[Short descriptive text snippets]
------------------------------------------------------------
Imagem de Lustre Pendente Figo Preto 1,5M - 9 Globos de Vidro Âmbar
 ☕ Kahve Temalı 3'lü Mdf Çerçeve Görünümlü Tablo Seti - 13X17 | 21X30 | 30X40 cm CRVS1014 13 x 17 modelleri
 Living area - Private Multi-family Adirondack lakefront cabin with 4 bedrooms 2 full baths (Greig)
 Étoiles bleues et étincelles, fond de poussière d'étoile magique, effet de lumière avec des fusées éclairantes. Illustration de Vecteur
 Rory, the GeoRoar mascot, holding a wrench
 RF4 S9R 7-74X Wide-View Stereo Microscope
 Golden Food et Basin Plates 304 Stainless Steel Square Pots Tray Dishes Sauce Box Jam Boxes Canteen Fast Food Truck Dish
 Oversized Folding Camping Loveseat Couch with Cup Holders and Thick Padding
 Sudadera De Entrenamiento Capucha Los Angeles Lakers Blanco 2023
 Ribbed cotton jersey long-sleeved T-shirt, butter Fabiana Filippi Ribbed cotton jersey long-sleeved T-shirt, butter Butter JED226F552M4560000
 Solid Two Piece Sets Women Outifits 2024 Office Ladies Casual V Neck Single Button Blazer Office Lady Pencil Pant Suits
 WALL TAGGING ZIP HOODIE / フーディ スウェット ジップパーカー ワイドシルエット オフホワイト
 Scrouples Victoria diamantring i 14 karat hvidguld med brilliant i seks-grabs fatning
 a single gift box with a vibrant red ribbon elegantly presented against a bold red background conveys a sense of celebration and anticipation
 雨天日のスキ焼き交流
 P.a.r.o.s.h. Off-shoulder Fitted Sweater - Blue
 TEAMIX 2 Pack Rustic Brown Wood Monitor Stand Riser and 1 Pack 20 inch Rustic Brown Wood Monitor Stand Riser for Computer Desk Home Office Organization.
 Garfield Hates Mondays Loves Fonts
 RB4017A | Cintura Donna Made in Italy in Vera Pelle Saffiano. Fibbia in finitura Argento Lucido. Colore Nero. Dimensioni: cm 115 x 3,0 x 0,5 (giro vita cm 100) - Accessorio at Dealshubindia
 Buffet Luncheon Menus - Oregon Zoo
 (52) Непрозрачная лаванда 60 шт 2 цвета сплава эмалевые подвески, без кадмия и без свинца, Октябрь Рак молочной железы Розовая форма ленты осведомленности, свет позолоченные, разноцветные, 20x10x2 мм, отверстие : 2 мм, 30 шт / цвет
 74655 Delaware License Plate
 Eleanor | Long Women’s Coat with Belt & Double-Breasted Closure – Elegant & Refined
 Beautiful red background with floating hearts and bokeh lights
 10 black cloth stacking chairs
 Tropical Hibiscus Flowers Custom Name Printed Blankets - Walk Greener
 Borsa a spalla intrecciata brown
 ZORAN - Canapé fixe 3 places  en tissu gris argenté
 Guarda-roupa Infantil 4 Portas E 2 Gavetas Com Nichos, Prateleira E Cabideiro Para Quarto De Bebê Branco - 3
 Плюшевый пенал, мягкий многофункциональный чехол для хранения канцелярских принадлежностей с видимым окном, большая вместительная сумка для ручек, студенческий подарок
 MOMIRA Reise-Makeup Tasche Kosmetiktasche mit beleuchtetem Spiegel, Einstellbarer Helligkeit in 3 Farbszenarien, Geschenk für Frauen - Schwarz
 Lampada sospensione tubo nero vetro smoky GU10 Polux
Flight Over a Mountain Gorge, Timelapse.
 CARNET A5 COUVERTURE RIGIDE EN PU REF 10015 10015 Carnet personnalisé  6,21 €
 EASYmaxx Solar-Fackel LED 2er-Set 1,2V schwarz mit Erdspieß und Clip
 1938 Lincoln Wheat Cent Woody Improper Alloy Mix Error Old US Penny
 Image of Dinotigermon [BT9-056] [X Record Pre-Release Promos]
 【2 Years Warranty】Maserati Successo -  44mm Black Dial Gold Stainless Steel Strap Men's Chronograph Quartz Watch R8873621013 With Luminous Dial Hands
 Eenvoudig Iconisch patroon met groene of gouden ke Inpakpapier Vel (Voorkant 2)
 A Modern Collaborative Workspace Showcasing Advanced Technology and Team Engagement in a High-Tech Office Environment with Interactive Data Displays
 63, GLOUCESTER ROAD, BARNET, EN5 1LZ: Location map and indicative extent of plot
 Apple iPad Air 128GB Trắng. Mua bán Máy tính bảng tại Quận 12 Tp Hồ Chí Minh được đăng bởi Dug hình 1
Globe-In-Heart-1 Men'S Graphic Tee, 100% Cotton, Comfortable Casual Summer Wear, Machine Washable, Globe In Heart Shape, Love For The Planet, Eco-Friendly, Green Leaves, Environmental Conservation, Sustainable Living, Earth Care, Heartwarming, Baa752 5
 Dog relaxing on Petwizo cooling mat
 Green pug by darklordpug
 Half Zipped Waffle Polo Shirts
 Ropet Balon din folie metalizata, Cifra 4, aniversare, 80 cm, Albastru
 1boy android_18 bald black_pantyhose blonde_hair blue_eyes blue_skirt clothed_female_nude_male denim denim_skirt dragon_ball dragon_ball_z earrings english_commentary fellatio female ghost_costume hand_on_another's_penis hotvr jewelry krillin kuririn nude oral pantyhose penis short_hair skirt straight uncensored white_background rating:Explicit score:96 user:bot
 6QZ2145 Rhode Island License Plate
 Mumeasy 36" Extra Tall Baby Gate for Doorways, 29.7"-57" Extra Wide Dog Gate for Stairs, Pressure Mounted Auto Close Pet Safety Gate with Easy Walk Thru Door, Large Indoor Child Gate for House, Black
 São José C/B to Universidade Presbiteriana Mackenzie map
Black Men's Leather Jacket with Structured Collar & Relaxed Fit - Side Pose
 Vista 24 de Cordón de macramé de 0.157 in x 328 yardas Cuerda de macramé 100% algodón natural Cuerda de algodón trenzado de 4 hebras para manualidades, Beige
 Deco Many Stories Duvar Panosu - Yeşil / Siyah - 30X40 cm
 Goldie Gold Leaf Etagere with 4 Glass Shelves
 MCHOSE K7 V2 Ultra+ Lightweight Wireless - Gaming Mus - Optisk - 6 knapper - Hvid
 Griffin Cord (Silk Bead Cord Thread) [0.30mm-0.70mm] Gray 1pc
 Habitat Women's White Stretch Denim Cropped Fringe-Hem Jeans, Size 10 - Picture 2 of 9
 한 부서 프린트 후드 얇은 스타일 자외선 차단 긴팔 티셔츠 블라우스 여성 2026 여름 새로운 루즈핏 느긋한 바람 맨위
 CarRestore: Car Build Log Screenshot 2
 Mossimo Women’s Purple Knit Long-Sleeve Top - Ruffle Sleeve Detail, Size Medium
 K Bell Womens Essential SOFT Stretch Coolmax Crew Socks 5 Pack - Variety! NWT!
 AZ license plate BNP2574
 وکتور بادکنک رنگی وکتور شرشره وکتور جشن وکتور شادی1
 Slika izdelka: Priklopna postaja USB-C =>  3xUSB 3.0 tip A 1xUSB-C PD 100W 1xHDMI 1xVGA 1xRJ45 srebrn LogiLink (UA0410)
------------------------------------------------------------
Begin at the first line of the records above and restate each line word for word, stopping after the line with "RF4 S9R 7-74X Wide-View Stereo Microscope".

**Your solution**
Imagem de Lustre Pendente Figo Preto 1,5M - 9 Globos de Vidro Âmbar
 ☕ Kahve Temalı 3'lü Mdf Çerçeve Görünümlü Tablo Seti - 13X17 | 21X30 | 30X40 cm CRVS1014 13 x 17 modelleri
 Living area - Private Multi-family Adirondack lakefront cabin with 4 bedrooms 2 full baths (Greig)
 Étoiles bleues et étincelles, fond de poussière d'étoile magique, effet de lumière avec des fusées éclairantes. Illustration de Vecteur
 Rory, the GeoRoar mascot, holding a wrench
 RF4 S9R 7-74X Wide-View Stereo Microscope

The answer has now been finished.